I was going to try to say something funny and off the cuff like I usually do, but then I realized that Crabby Appleton was onto something.

The Many Faces of Dave Berry.



*makes note to bring a book or two along the next time he stal... errr... visits judi at the Herald.*

*wonders if he brings a few more books along if Dave could get all of the Rock Bottom Remainders to sign them also*

I didn't know Keiko the Killer Whale could write! Maybe it's a new trick they taught her! I think she deserves and autograph, Dave. It's not easy writting with fins!

(to the tune of There's no business like Show Business)

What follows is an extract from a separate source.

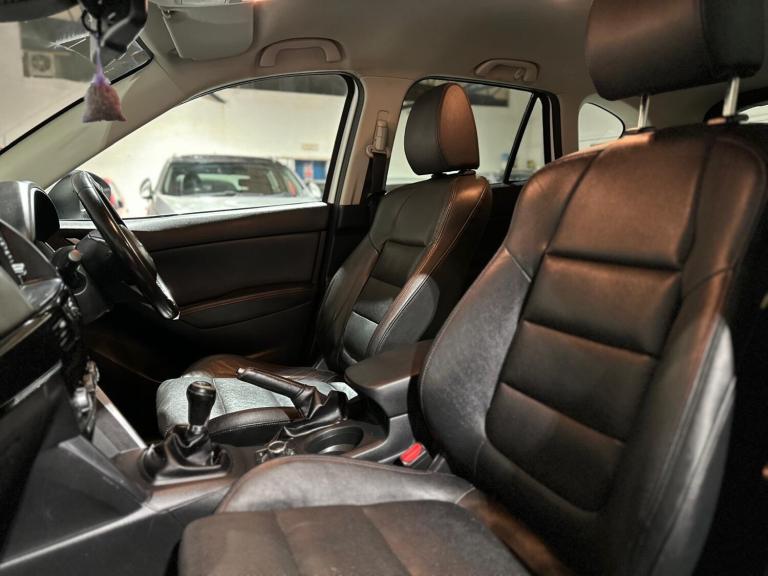 2014 Mazda CX-5 2.2d [175] Sport Nav 5dr AWD ESTATE Diesel Manual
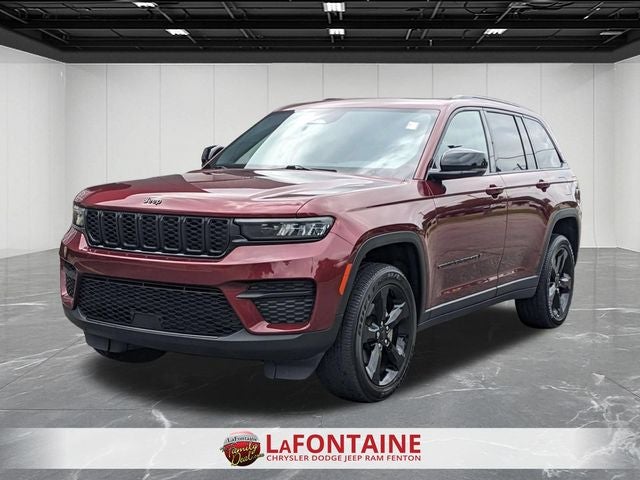 2024 Jeep Grand Cherokee Altitude X 4x4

There's no Berry like our Barry
there's no Barry I know
Everytime we see him it's exciting
Everytime he speaks we're all aglow
Nowhere do you get that special feeling
When he is stealing - an extra joke!

Changing last line
Think of it as a work in progress!

new last line

When he is posting - a booger joke!

That is all - for now.

*zips out to look for more material*

You forgot your or tag... now everythings italic...

That would be a /i or /span tag, it removed them...

I have in a box in the attic somewhere -- erm, will soon have proudly on display in my new home theater/memorabilia room two post cards from His Daveness, ca. 1991. I was desperately trying to achieve the exalted status of Alert Reader. Then I got a job.

I've forgotten what one said, but the other was in response to an article about Colorado Springs city workers spraying pines of a size likely to be cut down and stolen as Christmas trees with a substance that causes them to reek of urine when they are introduced into a warmer environment, such as the domicile of a pine stealing cretin. (Common practice in colder climes these days, I know, but it was new then.)

His response:

Dear (edited),

Merry Christmas to you, too.

Dave Barry
Tree Thief

(PS to Judi -- for some reason, the blog isn't letting me use strike-through text, even though I'm using the right command. WTFOMGBBQADD?)

I once got an autograph from Dave ... I was so excited ... then I realized it was NOT Dave Barry, it was some more important Dave (Letterman perhaps?)

how much of a deterrent is it if they don't start to reek until you get them home?